Turbulence, magnetic reconnection, shocks and particle acceleration: nonlinear processes. (co-organized)
|Convener: Giovanni Lapenta | Co-Conveners: Alex Lazarian , A. Retino , Francesco Valentini , Luca Sorriso-Valvo , Ilias Sibgatullin|
Magnetized plasmas are frequently turbulent in astrophysical systems, as well as in space and laboratory. The turbulence is known to change many properties of fluids, in particular their transport properties. Does it change the properties of magnetic reconnection? What is the back reaction of magnetic reconnection on turbulence in magnetized plasmas? These two interrelated questions are the focus of the proposed session. We aim at creating a forum of experts to summarize the recent significant advances in both the field of turbulence and magnetic reconnection and provide the forum for discussing new directions.
In many situations, e.g. in the Solar wind case, the properties of turbulence are affected by the properties of the energy injection scale.
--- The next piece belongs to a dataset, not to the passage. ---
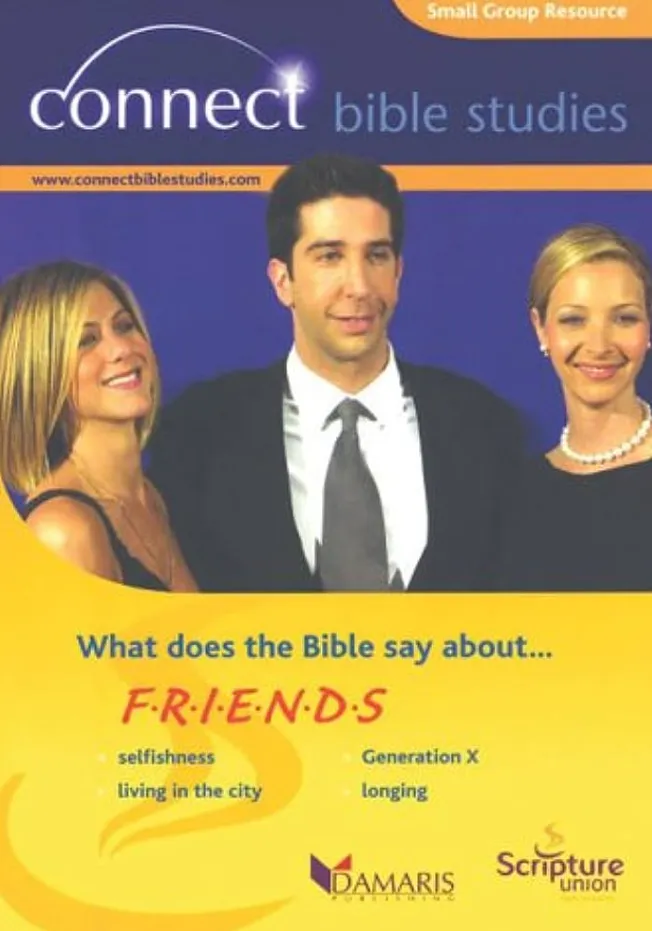 What does the Bible say about F.R.I.E.N.D.S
Therefore it is essential to search for the signatures of how the properties of turbulence and the measured properties of magnetic reconnection are related.
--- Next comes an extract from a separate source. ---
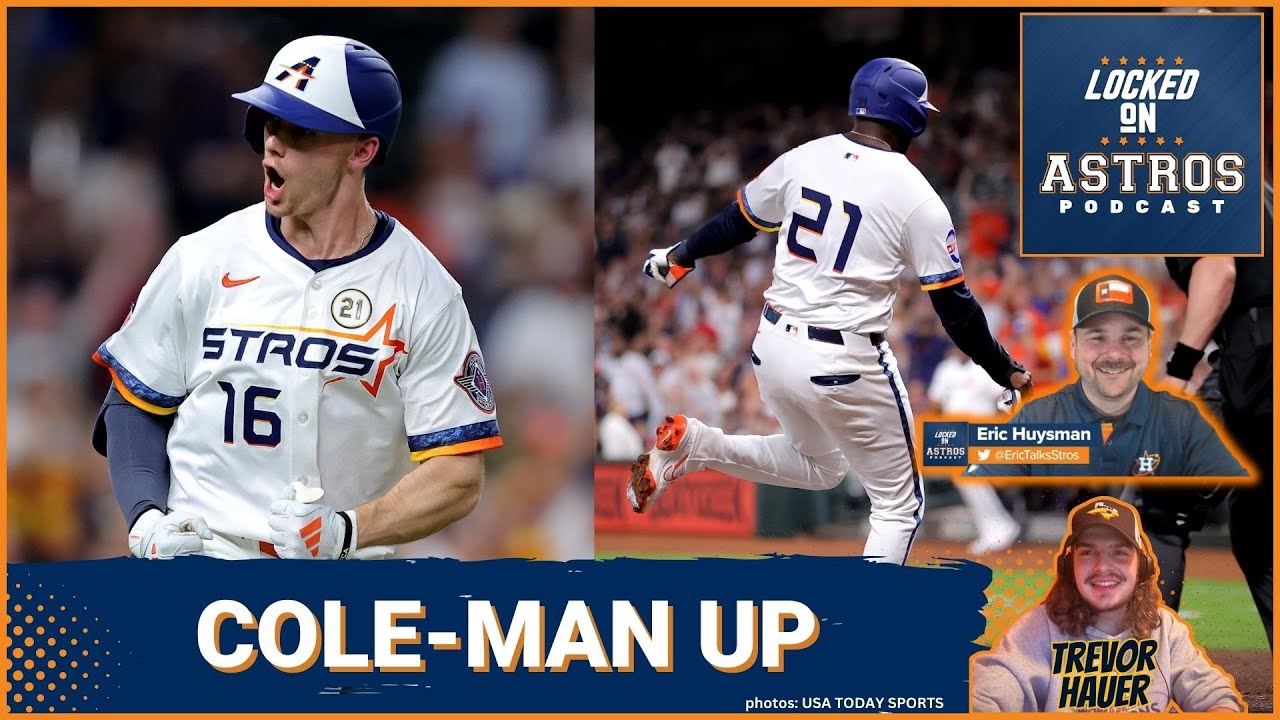 Houston' Astros' Silver Boot SHOWDOWN Against Rangers | Alvarez is injured and Zach Cole shines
The aims of the proposed session are twofold. First of all, reconnection is usually assumed to be slow, unless special conditions are satisfied, e.g. magnetized plasma is collisionless. Is it always true? While a lot of the research in the area of reconnection deals with collisionless processes, many important questions are left unaswered. Is Sweet-Parker reconnection stable for large Lundquist numbers? Do we expect collisional gas, which constitutes most of the Sun's interior, Sun's photosphere, interstellar media etc. to exhibit slow reconnection? The latter would mean that the entire crop of simulations of magnetized collisional media are in error. Second, the discussion of magnetic turbulence is usually is disconnected from the fundamental property of magnetic field to reconnect. At the same time, one should realize that the phenomenon of slow reconnection, if it takes place in turbulent systems, must substantially modify the properties of turbulence and may potentially make the simulations with the present diffusive codes not representative of the turbulence in actual astrophysical environments of high conductivity.
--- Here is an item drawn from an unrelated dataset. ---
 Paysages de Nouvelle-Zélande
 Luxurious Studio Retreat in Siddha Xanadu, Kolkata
Magnetic reconnection is a universal energy dissipation mechanism occurring in magnetized plasmas. Such plasmas are frequently in a turbulent state, raising the fundamental topological question of how reconnection and turbulence are related to each other. In addition, many key processes, e.g. particle acceleration, may be driven both by magnetic reconnection and magnetic turbulence, but it is difficult to find reliable ways to distinguish the causes and the effects in the context of vortical, wave and helical forcings.